BEGIN PROVIDED MATERIAL

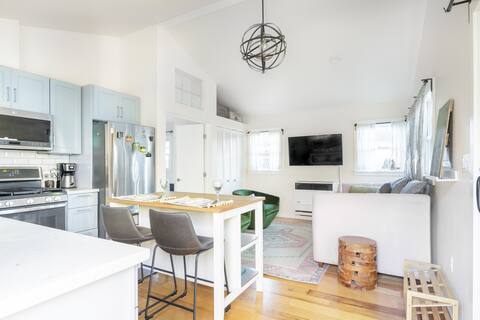 Cottage in Heart of Albany, Steps from Solano Ave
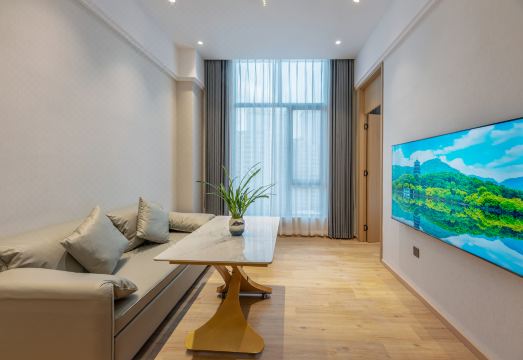 City with  Dightinn Hotel Overview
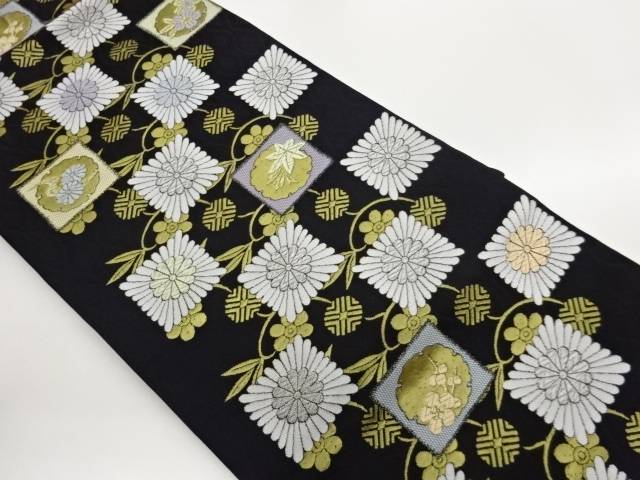 菊市松に笹蔓緞子模様織出し名古屋帯【中古】【着】【名古屋帯】|Kimono-Shinei 2号店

END PROVIDED MATERIAL

Reproduce the listing exactly, but keep its images out of the copy.

 Cottage in Heart of Albany, Steps from Solano Ave
 City with  Dightinn Hotel Overview
 菊市松に笹蔓緞子模様織出し名古屋帯【中古】【着】【名古屋帯】|Kimono-Shinei 2号店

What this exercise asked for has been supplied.